B’Tselem raporun girişinde, “Tanıkların ifadeleri, on iki kadar İsrail hapishane tesisinin, askeri ve sivil, mahkûmların sistematik olarak kötü muameleye maruz bırakıldığı bir kamp ağına dönüştürülmesinin sonuçlarını ortaya koyuyor” diyor: “Her mahkûmun kasıtlı olarak sert ve amansız bir acıya ve sıkıntıya maruz bırakıldığı tesisler, defacto işkence kampları olarak işliyor.”
İfadelerin tamamı baştan sona okunmaya değer, bazıları şunları içeriyor: Bir mahkûm, ateşkes olup olmadığını sorduğu için gardiyanlar tarafından dövülerek öldürülmüş. Birinin ağzında ve vücudunda sigara söndürülmüş ve testislerine ağır bir şey bağlı klipsler takılmış. Kulakları kanatacak kadar yüksek sesli disko müziği dinletilmiş. Bunlar diğer gardiyanların telefonlarıyla cinsel saldırı ve sodomi anını kaydetmeleri; mahkûmların kasıtlı olarak aç bırakılması gibi hikâyeler.
İSTİSMAR SAVUNULDU
Son günlerde, İsrail toplumu, İsrail Savunma Kuvvetleri (IDF) mensuplarının Sde Teiman Askeri Üssü’nde bir Filistinli tutukluyu topluca cinsel istismar etmekle suçlandığına dair bir mahkeme iddiasıyla sarsıldı. Bu iddia, söz konusu askerleri savunmak için IDF üyeleri ve İsrail’deki siyasi partilerin seçilmiş liderleri tarafından teşvik edilen bir isyana yol açtı. “Tecavüz yanlısı” kalabalık askeri üssü bastığında, şiddeti bastırmak ve kontrolü sağlamak için IDF birimleri Batı Şeria’dan üste yeniden konuşlandırmak zorunda kaldı, böylece.

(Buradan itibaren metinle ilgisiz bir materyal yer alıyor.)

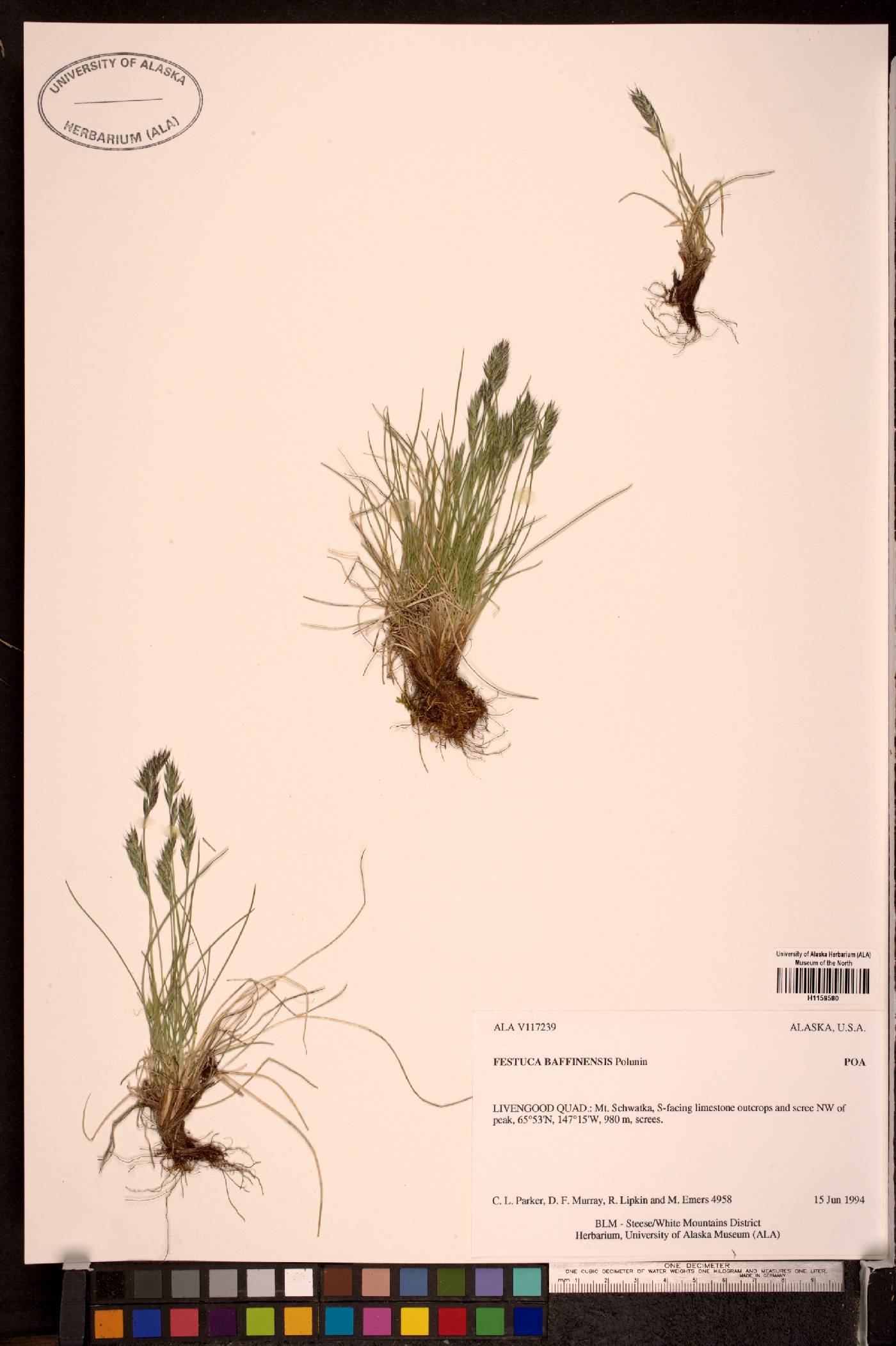 Festuca baffinensis image
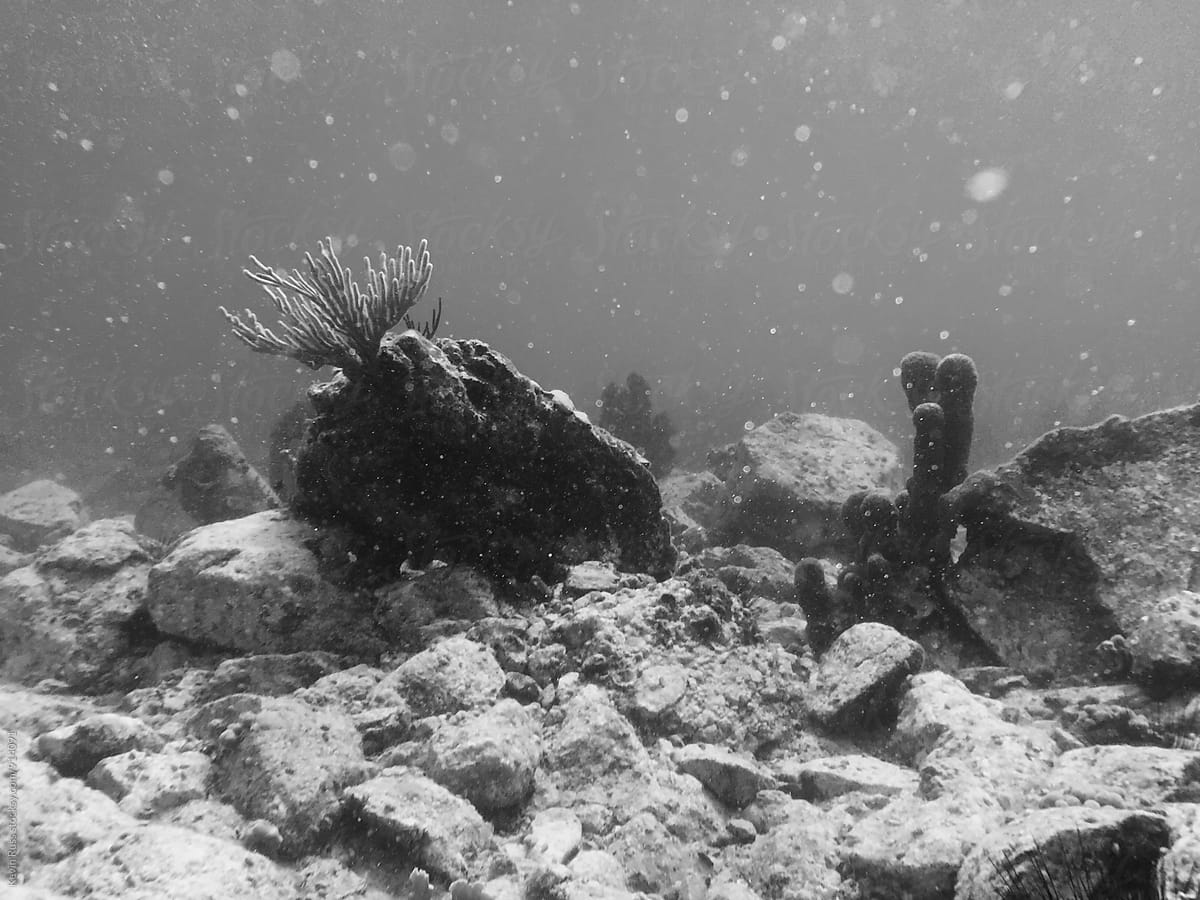 Underwater Plant Life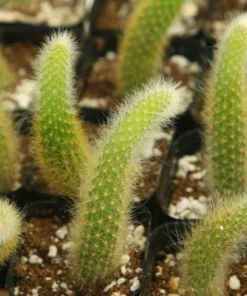 Monkey Tail Cactus Live Succulent 6-8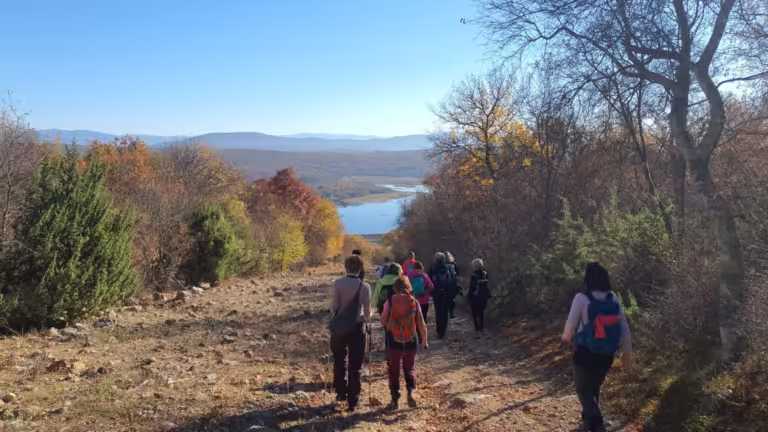 Jezero Ponikve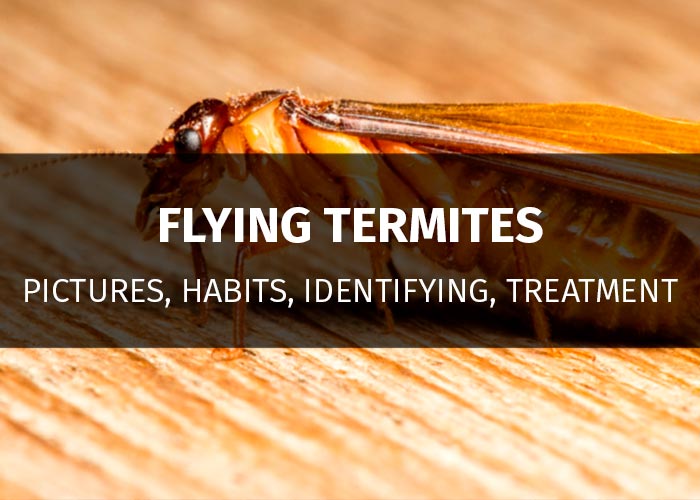 Flying Termites in Your House How to Identify Winged Termites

B’Tselem raporunun ve Birleşmiş Milletler’in (BM) ek bulgularının açıkça belirttiği gibi, Sde Teiman’daki tecavüz suçlamasıyla ilgili askerler uç örnekler değil. İsrail ordusu, şu anda İsrail’de gözaltında tutulan yaklaşık on bin Filistinliye sistematik olarak işkence yapma politikası uyguluyor.
Raporun sonuç kısmında “Eylemlerin ciddiyeti, uluslararası hukukun çiğnendiği bu ihlallerin Filistinli tüm mahkûmlara her gün ve sürekli olarak yöneltilmesi göz önüne alındığında — tek olası sonuç, İsrail’in bu işkencelerinin bir savaş suçu olduğu ve hatta insanlığa karşı suç teşkil ettiğidir” deniliyor.
TANIMAK ZORUNDA KALDI
IDF’nin Filistinli tutuklulara cinsel şiddet uyguladığına dair uzun süredir güvenilir iddialar mevcut. İsrail toplumunun artık bunu bir mahkeme kararıyla kabul etmek zorunda kalması, İsrail'in iddia edilen sayısız savaş suçu nedeniyle kendisini soruşturamayacağı ve dolayısıyla Uluslararası Ceza Mahkemesi (UCM) gibi kurumlar tarafından yargılanması gerektiği konusunda uluslararası hukuk camiasında giderek artan fikir birliğinin bir sonucudur. İsrail kamuoyunun IDF içindeki iddia edilen cinsel istismarcılara verdiği destek ve IDF’nin B’Tselem’in raporundaki ifadelere verdiği oldukça sessiz tepki de bunun bir kanıtıdır.
Haaretz köşe yazarı Gideon Levy, İsraillilerin raporda yer alan ifadelere karşı duyarsızlığını şu şekilde değerlendiriyor: “Tüm bu şeylere karşı duyarsızlık, İsrail’i tanımlıyor.” ABD’nin Guantanamo Körfezi gözaltı kampında yirmi yılda dokuz mahkûm öldü; İsrail’de ise on ayda altmış tutuklu öldü.